At its core, optimizing a deep neural network is a search for the global minimum of a high-dimensional cost function $J(\theta)$. The most intuitive approach is Gradient Descent: if you are standing on a hill in a fog, you move in the direction of the steepest descent to reach the valley. However, calculating the gradient across the entire training set (Batch Gradient Descent) is computationally prohibitive for modern datasets. Stochastic Gradient Descent (SGD) solves this by estimating the gradient using a single random sample or a small 'mini-batch', introducing a level of noise that can actually help the model jump out of shallow local minima.

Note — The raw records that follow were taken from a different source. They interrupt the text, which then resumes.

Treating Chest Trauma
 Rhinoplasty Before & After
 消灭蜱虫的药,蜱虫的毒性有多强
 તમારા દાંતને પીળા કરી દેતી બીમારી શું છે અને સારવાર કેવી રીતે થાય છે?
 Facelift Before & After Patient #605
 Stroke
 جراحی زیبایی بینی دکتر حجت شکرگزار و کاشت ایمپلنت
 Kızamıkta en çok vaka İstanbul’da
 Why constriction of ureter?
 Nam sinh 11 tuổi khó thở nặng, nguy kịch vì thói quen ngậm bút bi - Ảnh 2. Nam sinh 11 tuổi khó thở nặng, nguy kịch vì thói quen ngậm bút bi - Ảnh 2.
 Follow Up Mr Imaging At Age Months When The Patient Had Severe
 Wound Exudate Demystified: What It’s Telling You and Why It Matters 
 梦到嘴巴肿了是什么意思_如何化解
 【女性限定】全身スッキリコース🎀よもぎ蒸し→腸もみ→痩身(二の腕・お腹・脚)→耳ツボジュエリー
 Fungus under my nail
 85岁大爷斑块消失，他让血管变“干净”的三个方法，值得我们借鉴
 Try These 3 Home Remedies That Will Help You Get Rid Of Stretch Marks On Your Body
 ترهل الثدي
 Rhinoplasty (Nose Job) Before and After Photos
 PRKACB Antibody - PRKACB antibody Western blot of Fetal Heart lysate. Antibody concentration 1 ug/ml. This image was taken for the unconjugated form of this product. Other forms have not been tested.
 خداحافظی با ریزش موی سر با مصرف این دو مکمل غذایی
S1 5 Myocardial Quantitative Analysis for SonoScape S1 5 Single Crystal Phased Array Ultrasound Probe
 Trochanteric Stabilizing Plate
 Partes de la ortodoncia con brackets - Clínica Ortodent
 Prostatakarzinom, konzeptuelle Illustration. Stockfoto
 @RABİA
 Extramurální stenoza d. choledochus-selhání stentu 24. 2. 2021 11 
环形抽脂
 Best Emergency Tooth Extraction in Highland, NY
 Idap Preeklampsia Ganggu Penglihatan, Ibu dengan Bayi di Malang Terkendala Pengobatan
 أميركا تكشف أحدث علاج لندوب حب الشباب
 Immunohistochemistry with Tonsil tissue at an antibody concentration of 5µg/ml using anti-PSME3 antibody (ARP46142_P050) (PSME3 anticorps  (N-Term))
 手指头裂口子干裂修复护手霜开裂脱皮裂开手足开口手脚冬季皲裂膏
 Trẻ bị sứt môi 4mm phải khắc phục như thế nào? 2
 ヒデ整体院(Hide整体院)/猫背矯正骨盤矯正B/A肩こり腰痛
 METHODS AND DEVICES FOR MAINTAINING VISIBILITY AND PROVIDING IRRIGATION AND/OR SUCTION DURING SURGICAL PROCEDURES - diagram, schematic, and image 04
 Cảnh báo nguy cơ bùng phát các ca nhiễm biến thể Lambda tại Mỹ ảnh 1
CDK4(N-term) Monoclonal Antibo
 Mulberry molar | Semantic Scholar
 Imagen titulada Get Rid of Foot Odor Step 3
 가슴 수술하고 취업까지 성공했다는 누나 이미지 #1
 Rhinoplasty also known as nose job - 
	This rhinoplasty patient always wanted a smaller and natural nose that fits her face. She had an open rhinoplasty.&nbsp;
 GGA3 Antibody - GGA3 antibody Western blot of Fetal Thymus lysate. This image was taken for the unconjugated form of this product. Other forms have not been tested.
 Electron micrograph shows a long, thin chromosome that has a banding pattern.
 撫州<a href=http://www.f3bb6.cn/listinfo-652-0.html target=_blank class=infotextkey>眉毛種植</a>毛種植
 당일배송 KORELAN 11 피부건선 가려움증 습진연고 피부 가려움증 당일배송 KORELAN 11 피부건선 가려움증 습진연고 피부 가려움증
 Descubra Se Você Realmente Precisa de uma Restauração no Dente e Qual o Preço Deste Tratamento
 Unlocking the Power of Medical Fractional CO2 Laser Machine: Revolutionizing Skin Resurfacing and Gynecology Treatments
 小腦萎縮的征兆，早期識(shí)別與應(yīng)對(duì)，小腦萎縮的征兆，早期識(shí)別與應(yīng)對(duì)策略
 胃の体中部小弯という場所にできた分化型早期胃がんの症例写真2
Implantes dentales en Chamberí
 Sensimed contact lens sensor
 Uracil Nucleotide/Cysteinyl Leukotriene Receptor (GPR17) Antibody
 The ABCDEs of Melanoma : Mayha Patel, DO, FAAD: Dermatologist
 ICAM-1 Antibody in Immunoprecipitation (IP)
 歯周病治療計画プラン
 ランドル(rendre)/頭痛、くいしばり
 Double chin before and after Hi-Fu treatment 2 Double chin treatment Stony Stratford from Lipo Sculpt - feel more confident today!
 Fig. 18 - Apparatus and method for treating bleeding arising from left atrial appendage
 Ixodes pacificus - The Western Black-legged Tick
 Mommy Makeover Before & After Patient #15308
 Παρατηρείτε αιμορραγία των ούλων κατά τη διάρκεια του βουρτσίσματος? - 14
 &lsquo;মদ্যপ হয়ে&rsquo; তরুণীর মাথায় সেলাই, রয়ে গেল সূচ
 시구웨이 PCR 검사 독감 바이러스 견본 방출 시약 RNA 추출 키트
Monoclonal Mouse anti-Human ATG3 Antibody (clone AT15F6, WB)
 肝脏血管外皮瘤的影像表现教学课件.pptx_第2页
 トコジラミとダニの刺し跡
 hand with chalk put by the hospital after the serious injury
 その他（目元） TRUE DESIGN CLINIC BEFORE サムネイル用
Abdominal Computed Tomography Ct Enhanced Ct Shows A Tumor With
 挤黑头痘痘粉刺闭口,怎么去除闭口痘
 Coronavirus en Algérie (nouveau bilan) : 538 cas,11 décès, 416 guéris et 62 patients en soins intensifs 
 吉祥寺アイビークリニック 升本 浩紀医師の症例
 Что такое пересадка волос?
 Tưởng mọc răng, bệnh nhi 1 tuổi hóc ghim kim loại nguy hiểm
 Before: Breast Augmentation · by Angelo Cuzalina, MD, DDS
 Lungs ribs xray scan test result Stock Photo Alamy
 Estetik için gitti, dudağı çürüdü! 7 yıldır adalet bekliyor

Mathematically, the SGD update rule for a parameter vector $\theta$ at iteration $t$ is defined as: $$\theta_{t+1} = \theta_t - \eta \nabla_{\theta} J(\theta_t; x^{(i)}, y^{(i)})$$ where $\eta$ represents the learning rate and $\nabla_{\theta} J$ is the gradient of the loss function with respect to the parameters. While SGD is computationally efficient, it suffers from oscillations in 'ravines'—areas where the surface curves much more steeply in one dimension than another—which can slow down convergence significantly.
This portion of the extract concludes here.